Minnesota Mamaleh: Mama, What’s Heaven?
Kayli, Chloe and Brody are all in the question-asking phase right now. Lucky us, right? (Right, Mama, right?!) While their questions vary, What is that? How does it work? Why did you say that? Why? Why? WHY?! Jason and I are sometimes (okay, okay– often) stumped at what answers to give. Why? (I said, Why?!) Because we’re worried that whatever we say, they’ll believe.
Does that sound absurd, or what? While there are some things that I’d really like for my children to take at face value– that I love them. That they’re beautiful. That working hard is a must. That spinach is, indeed, delicious. There are just as many somethings that I want them to question, ponder and learn for themselves.
Like that doozy in the title.
Heaven came up at our house when one of our oldest and dearest friends was visiting. He was curled up on the couch reading to the girls because he’s just that sort of guy. He had barely gotten the word heaven out when Kayli, employing those serious big brown eyes of hers, immediately asked, “What’s heaven?”
Being the completely fabulous friends that we are, Jason and I let him go ahead and field that one all by himself. So he asked her what she thought, pointed to the pictures, probably sweated a little bit and then they moved on.
Much the same way that it went the other fifty two times that Kayli had already asked the same question. Of each of us.
So we realized that we’re going to have to give her more answers. More details. More depth. More something. Because she’s asking. And she’s curious. And she is, for sure, craving that knowing and understanding.
“What do you think?” is just not cutting it any more.
And I have a heart-wrenching feeling that, “Daddy and I have no idea either” isn’t going to add to her sense of comfort, knowing and knowledge satiation either.
My fear is that whatever I say right now she’ll just…believe. As the TRUTH. In all capital letters. Yep, all official like that. Because kids are great that way and that’s just what they do.
I worry that one day she’ll learn so much more and resent the fact that what I told her at age six was pure drivel.
Or even worse, that she’ll never ever question my words. That she’ll take for granted that what I tell her today as we sit snuggled up on the big bed, in our jammys, with damp hair, her little fingers resting lightly on mine, is the only TRUTH there is. And she’ll just blindly follow it as a given. In my mind, that would be a tragedy.
So I’ve been wrestling with what to tell my children about heaven. I tried to remember what my parents told me, and came up blank. Bless them for that.
I researched (and researched and researched) what JUDAISM says. And in all of its official-ness (note the capital letters), I also came up somewhat blank. Lots of ideas, thoughts, theories. But not one set-in-stone belief. Some have a traditional vision of heaven. Others believe that everyone gets there eventually, after some cleansing per se. But, importantly, no pictures were drawn in my mind.
And to be honest with you, although I didn’t come up with the pat answer to share with my children that I was looking for, I was secretly thrilled. And relieved. Because let’s just face it, assumed truth and I are not exactly old friends.

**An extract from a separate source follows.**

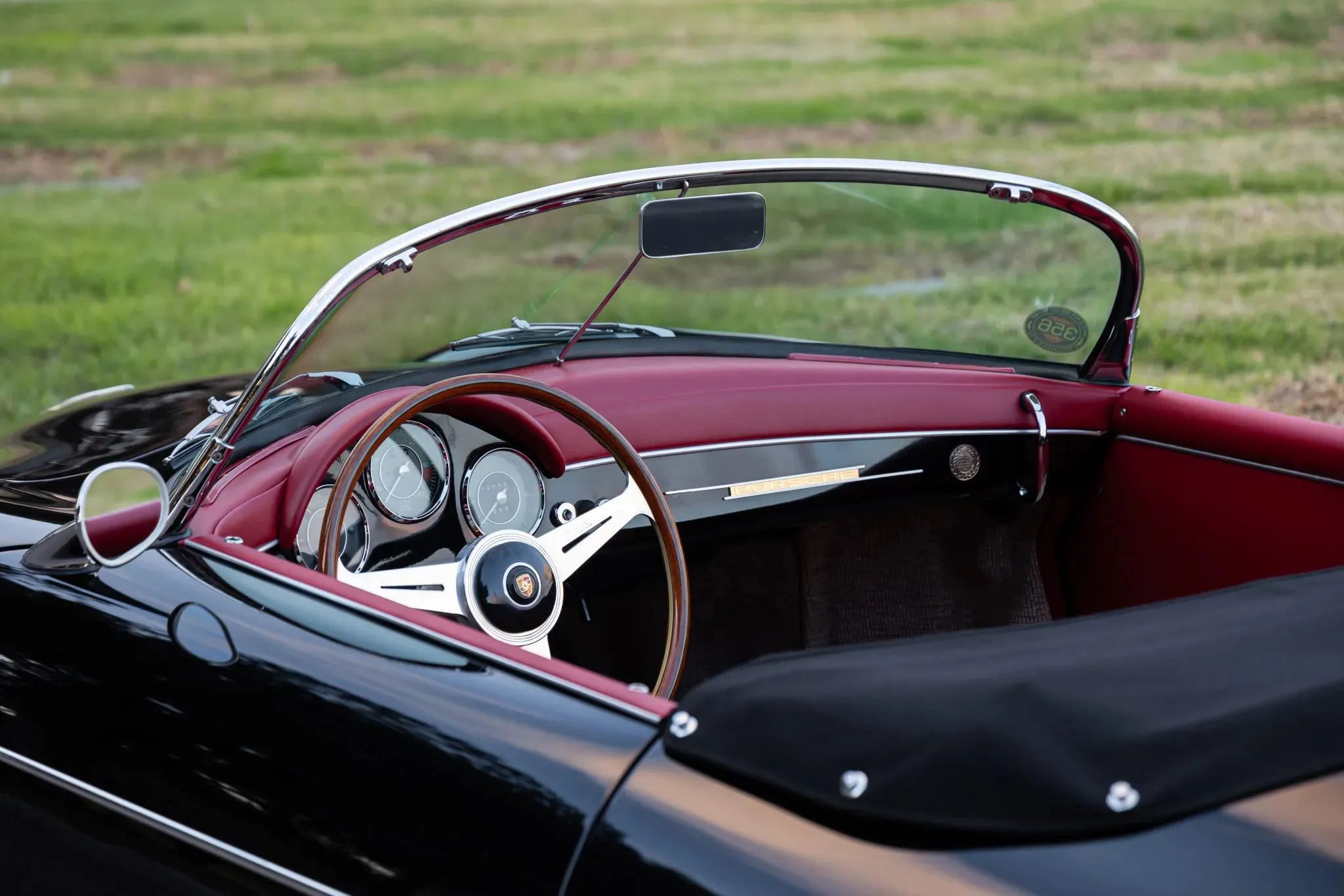 Porsche 356 Speedster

I did glean that Judaism is not focused on the question of how to get into heaven. But rather, on life. And how to live it. And live it well. And, can I just say, there’s an idea that I can heart-and-soul get behind.
Interestingly, the “resources” (Judaism, Jason, my girlfriends) that I love abide by all of the same rules and regulations. Living this life to the fullest. Being good for the sake of being good. Being grateful. Being kind. Being helpful. Do no harm. Make the world a better place.

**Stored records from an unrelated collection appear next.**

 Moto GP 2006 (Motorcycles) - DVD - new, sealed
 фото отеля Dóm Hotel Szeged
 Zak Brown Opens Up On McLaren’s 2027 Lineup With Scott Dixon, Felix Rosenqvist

Now I’m not arguing that nothing exists besides the here and now. The technical side of me (yes, believe it or not, it does exist) is drawn to the soul weight studies. Because if the soul has mass, then, well, you know. And the spiritual side of me is humbled to be a small part of this great big beautiful world. And the emotional side of me has held a crying friend’s hand as she mourned the death of a child and saw that she thought, felt, knew that there’s a heaven for that baby of hers.
What I’m saying is that just like no one can really tell you what it’s like to fall in love. To be a mom. To be pregnant. To go through childbirth. To hold your newborn. To be up all night with her or him. To experience loss. To be chronically ill. To be really and truly terrified. I think that heaven and all of its what-ifs fall into the same category. No one can actually tell you what it is, what it’s like.
And that’s OKAY. And it’s ENOUGH.
So what’s my plan? What do I want my children to know about heaven? Well, here’s a start. I believe in souls. And that theirs are absolutely stunning. That this earth is so abundantly breath-taking in its beauty and opportunity. And we should treat it well. That the thought of what we would do if not better our world, frightens me. That I believe that they, my babies, will do amazing things in this lifetime. And that their souls will grow stronger, wiser, better. And after that? After they’re done with all of that? I. Don’t. Know. And that I feel safe and confident in that not knowing. I’m open to reading more, talking more, learning more and filling my heart with more. But at the end of the day (pun so not intended), I will still not know. And that’s okay. Really. And that is all.